= Beginning of Section =

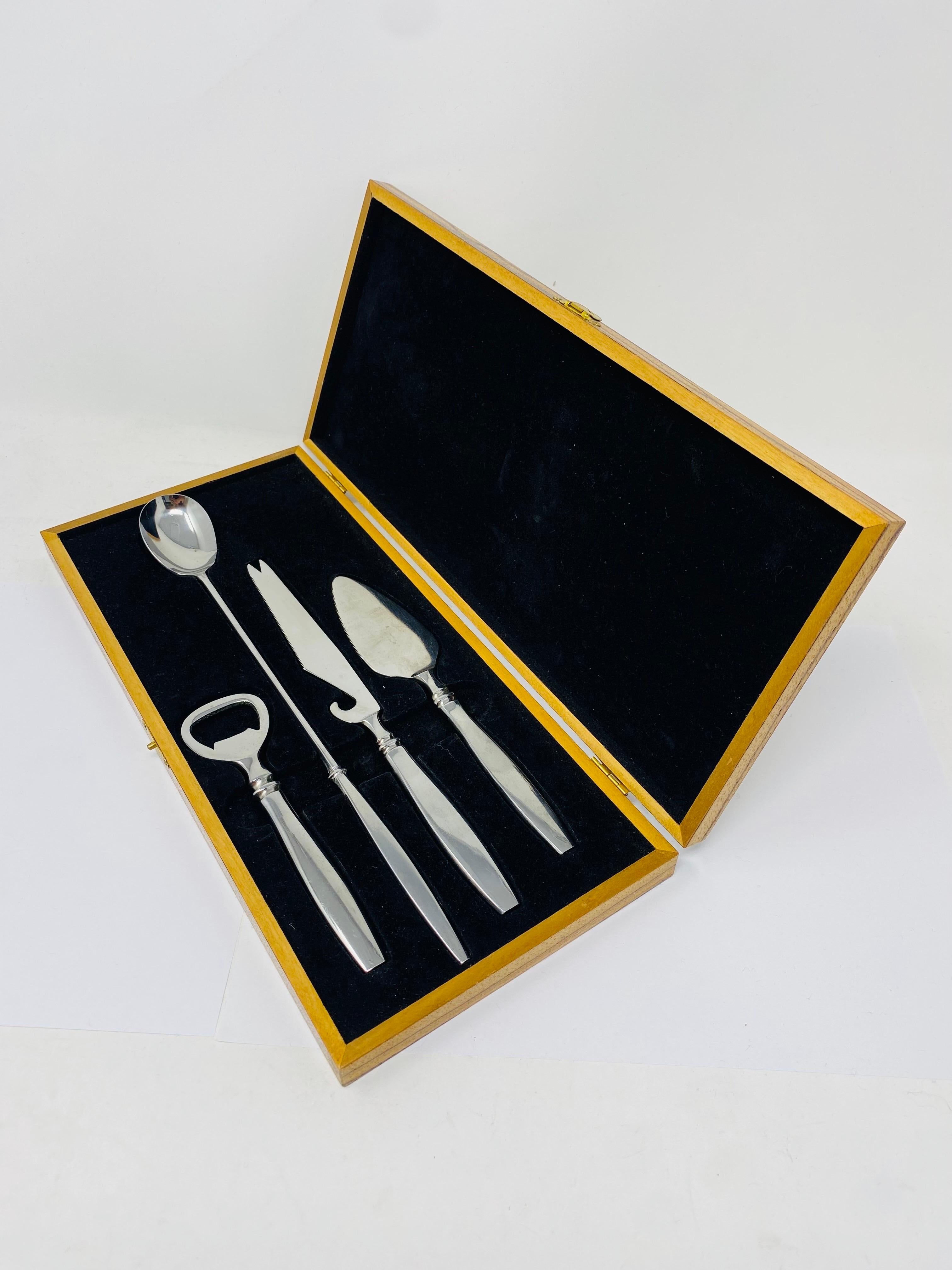 Acier inoxydable Ensemble d'outils de bar modernistes vintage en acier inoxydable dans une boîte fabriquée au Japon en vente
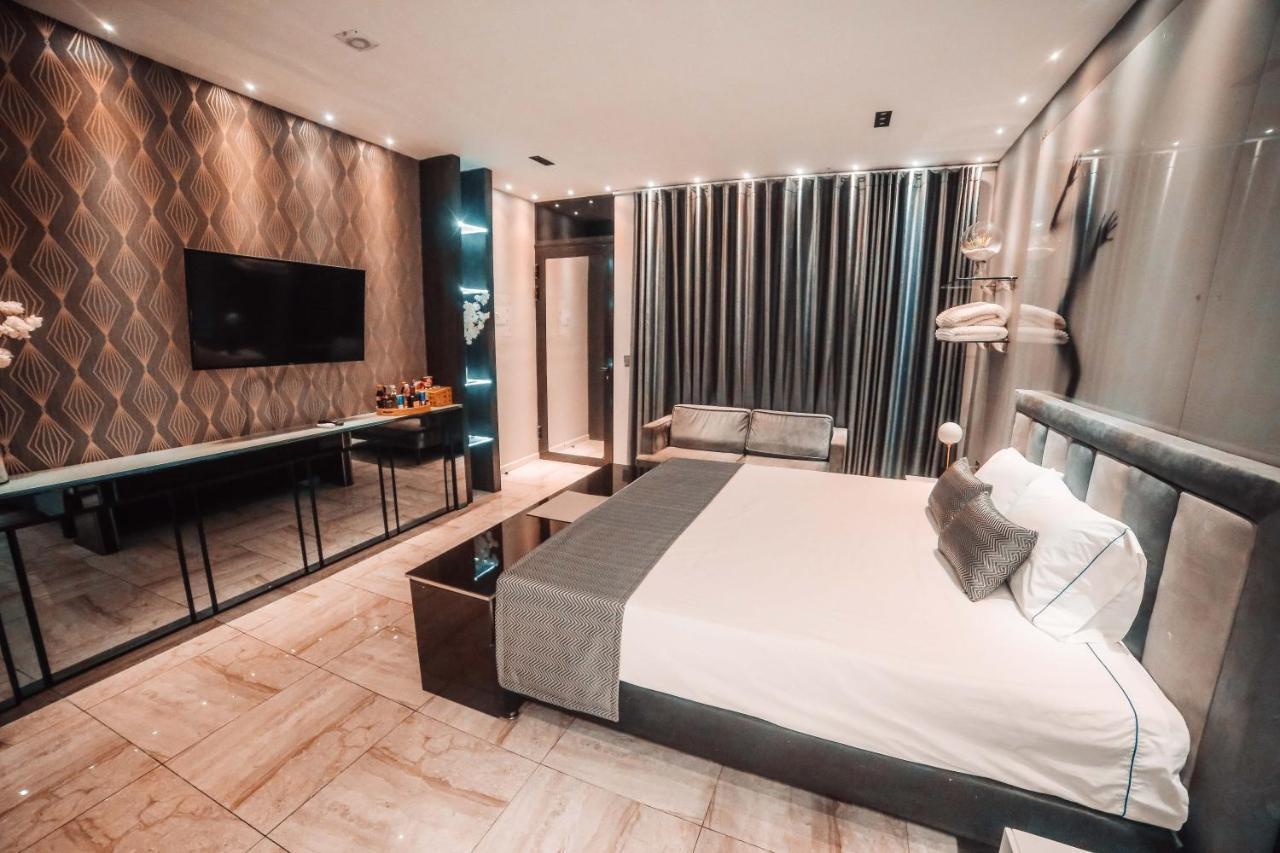 1Million Luxury Suites Medellín Kültér fotó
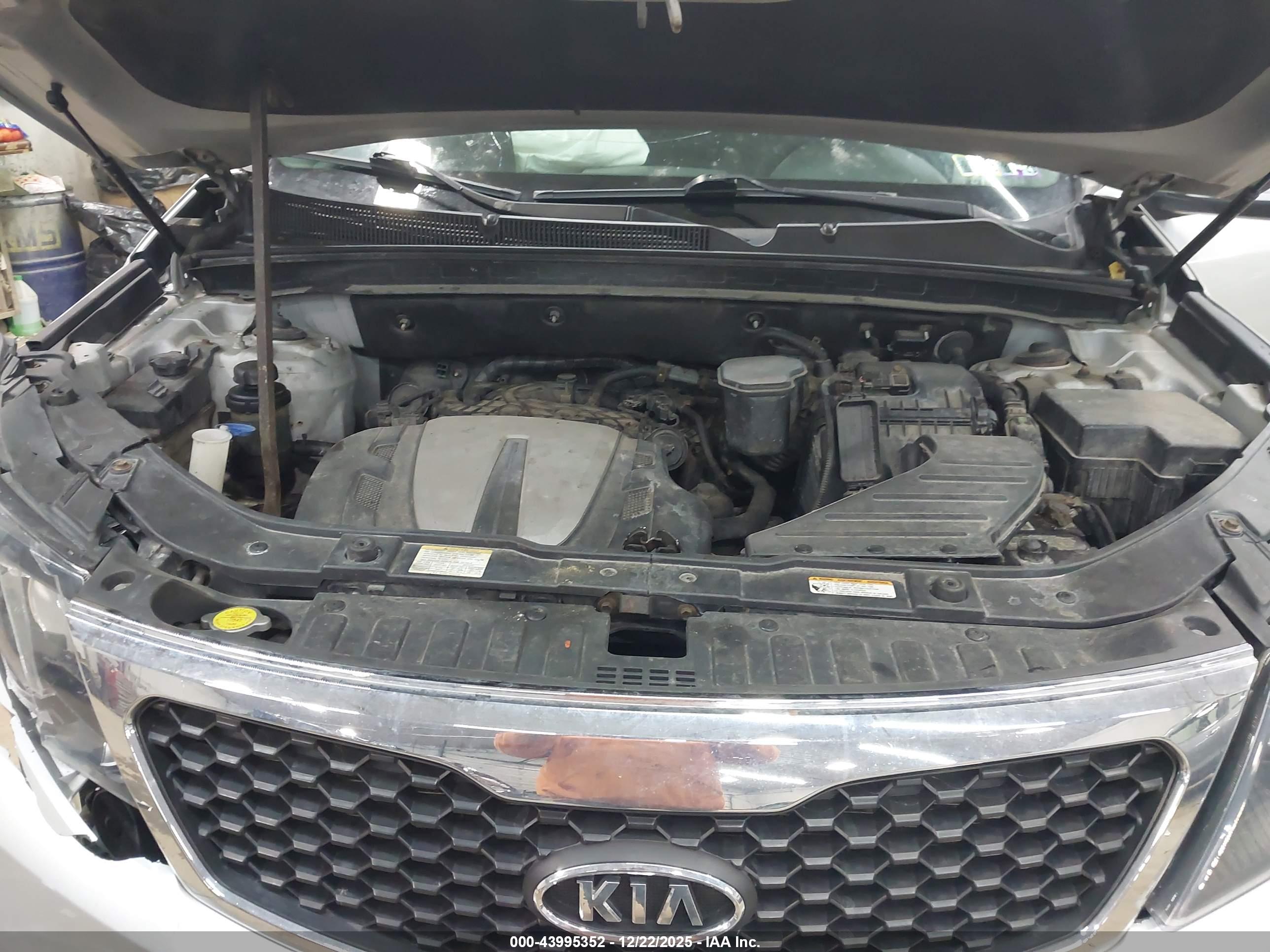 KIA SORENTO image 10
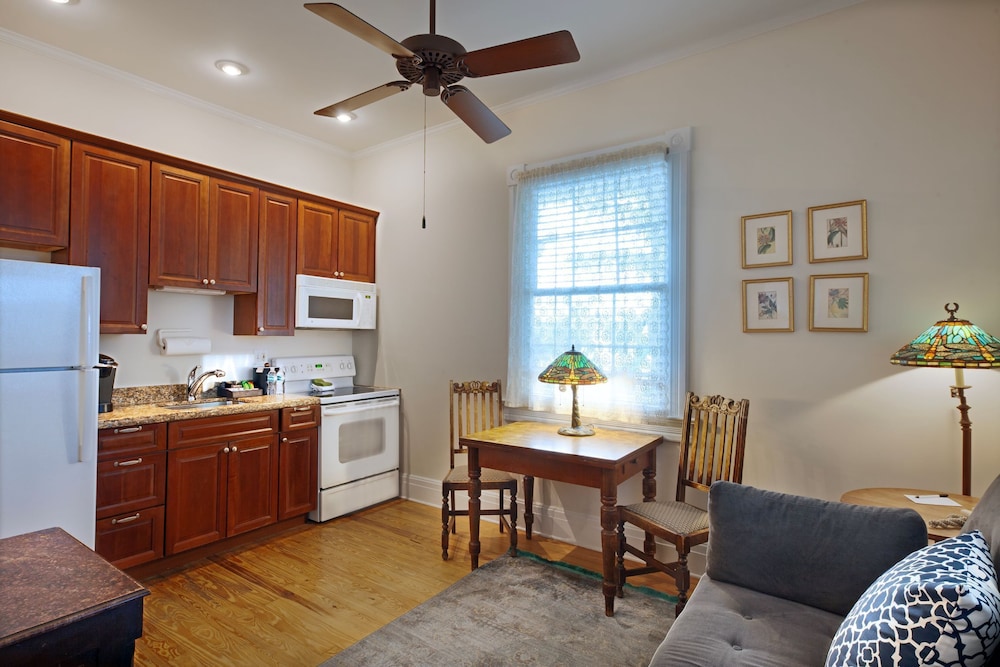 Island City House King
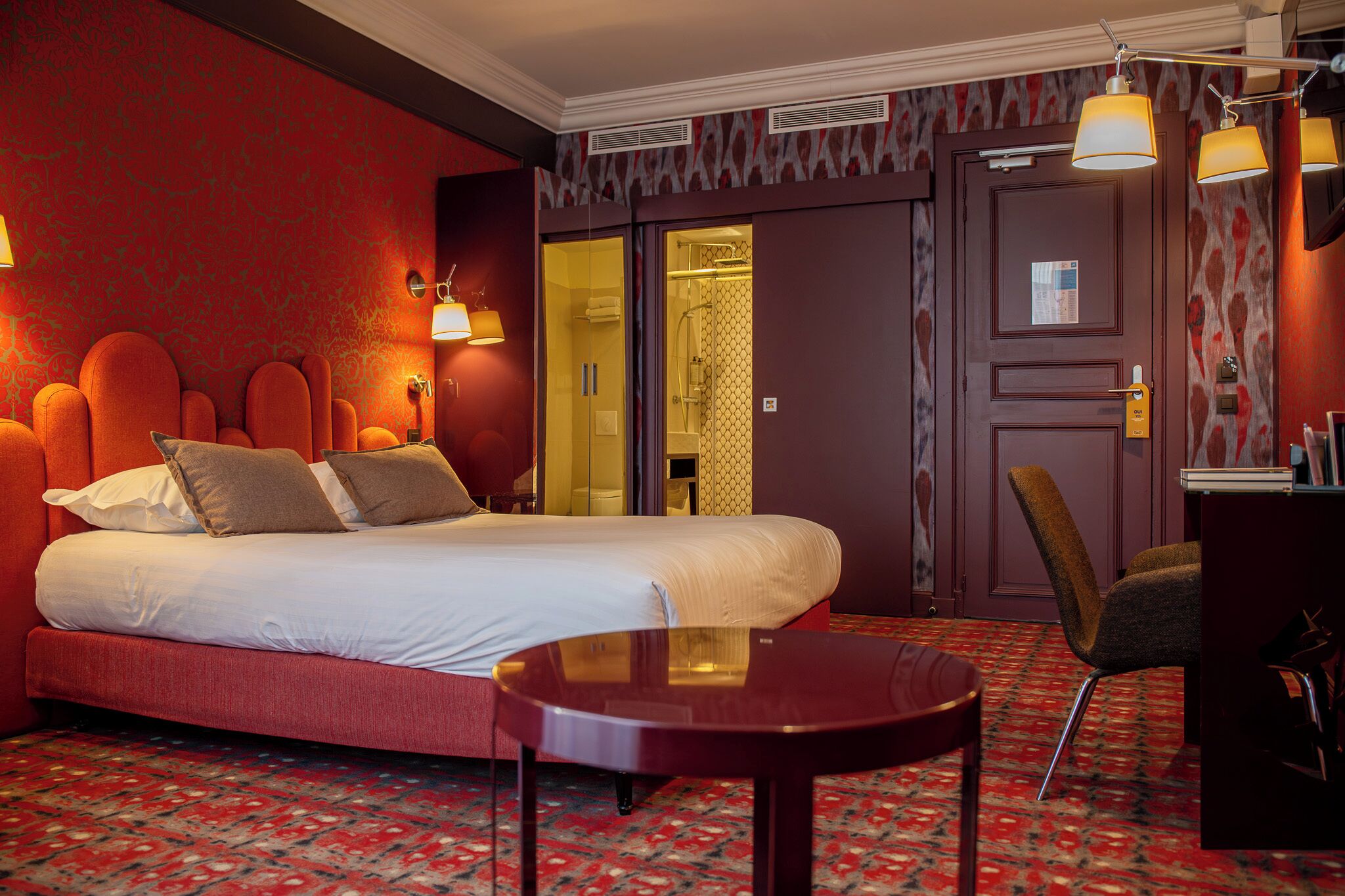 Classic Room | Premium bedding, minibar, in-room safe, desk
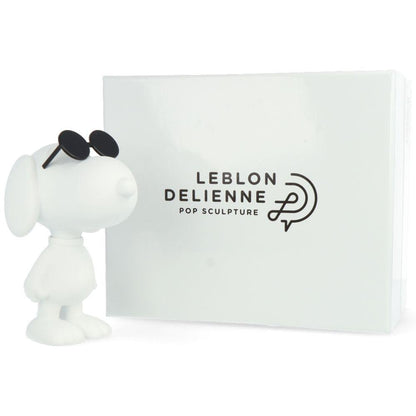 Pop Art Fusion - PopArtFusion - Leblon Delienne Leblon Delienne x Peanuts - Snoopy XS with a pair of Black Sunglasses PEAST01202MANO popartfusion.com by Conectid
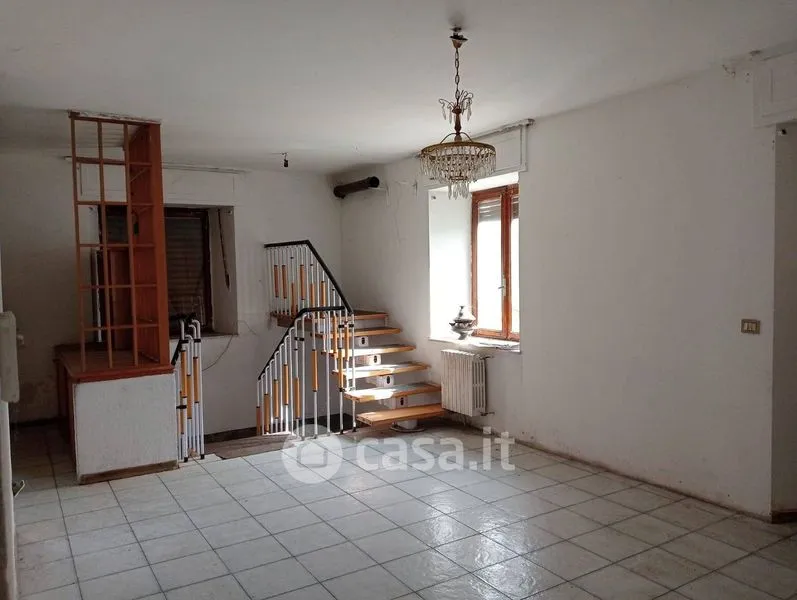 Elutuba - Semi-Detached House with Garden in Gressan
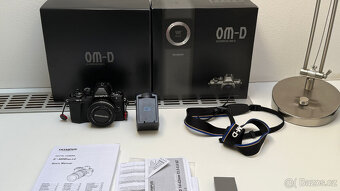 Olympus OM-D EM10 Mark II. + 14-24 Kit Lens - 6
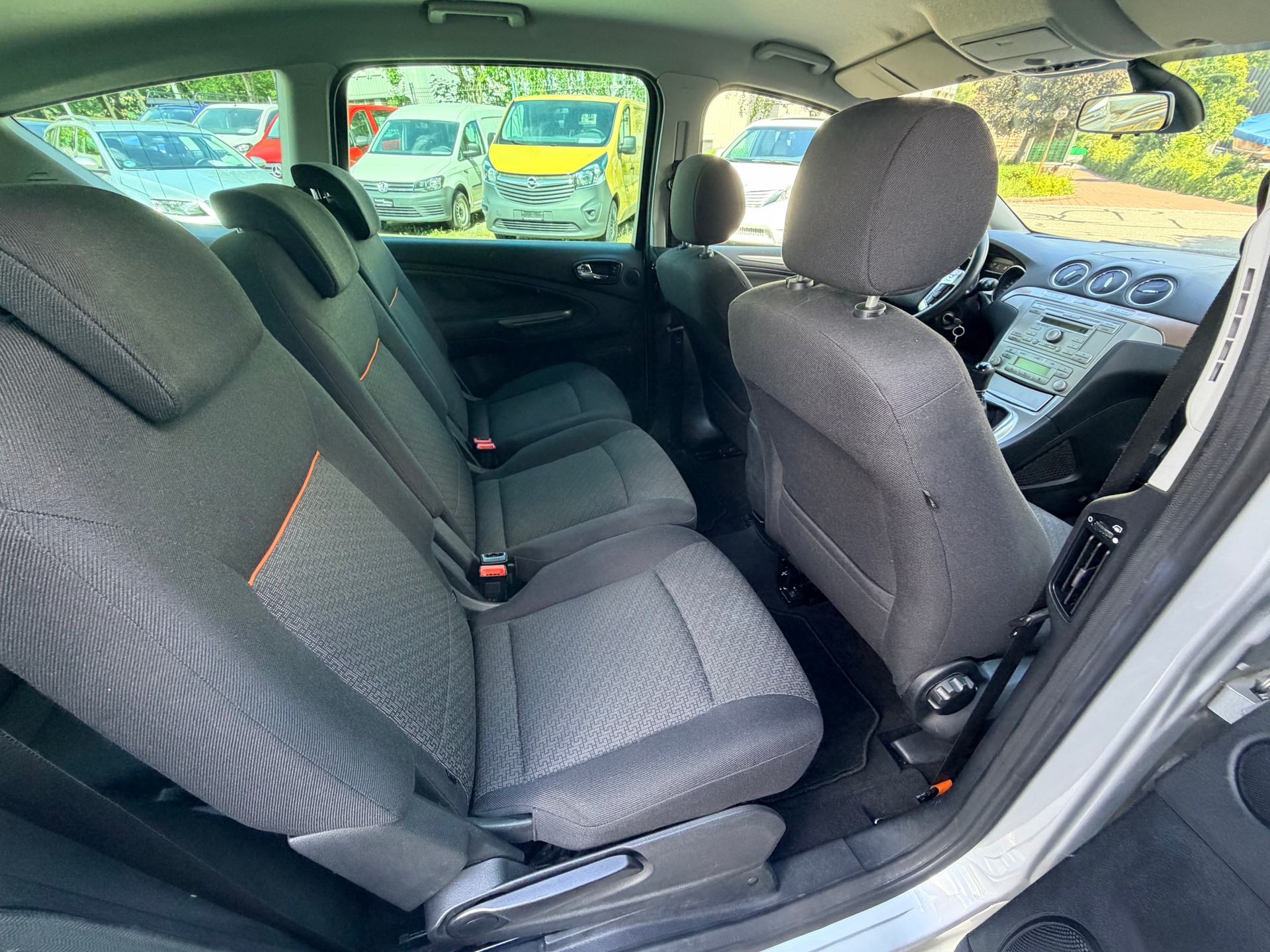 FORD S-Max 2.0i Ambiente-image-10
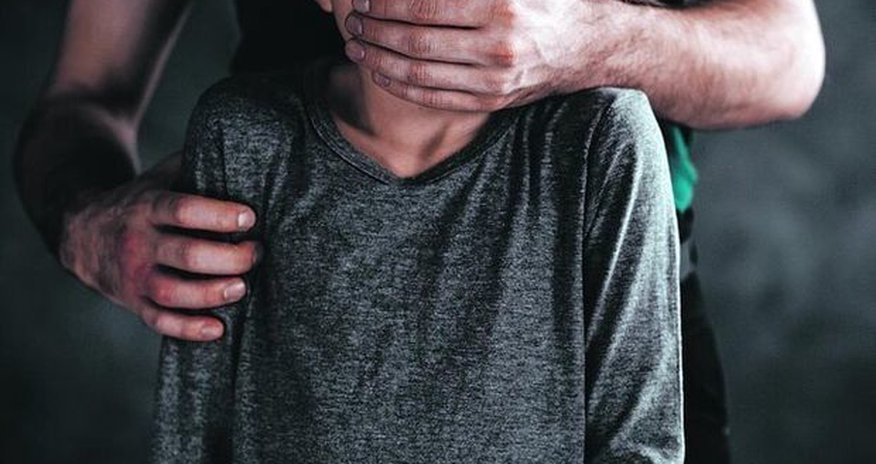 Ağsuda dəhşət: Ata 11 yaşlı oğluna təcavüz edən manyakı 250 manata bağışladı - VİDEO Ağsuda dəhşət: Ata 11 yaşlı oğluna təcavüz edən manyakı 250 manata bağışladı - VİDEO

= End of Section =

• [Task objective]
Exclude the pictures and write out exactly the lines from the one holding "KIA SORENTO image 10" through the end of the entries, inclusive, and only those.

• [Solution to the exercise]
 KIA SORENTO image 10
 Island City House King
 Classic Room | Premium bedding, minibar, in-room safe, desk
 Pop Art Fusion - PopArtFusion - Leblon Delienne Leblon Delienne x Peanuts - Snoopy XS with a pair of Black Sunglasses PEAST01202MANO popartfusion.com by Conectid
 Elutuba - Semi-Detached House with Garden in Gressan
 Olympus OM-D EM10 Mark II. + 14-24 Kit Lens - 6
 FORD S-Max 2.0i Ambiente-image-10
 Ağsuda dəhşət: Ata 11 yaşlı oğluna təcavüz edən manyakı 250 manata bağışladı - VİDEO Ağsuda dəhşət: Ata 11 yaşlı oğluna təcavüz edən manyakı 250 manata bağışladı - VİDEO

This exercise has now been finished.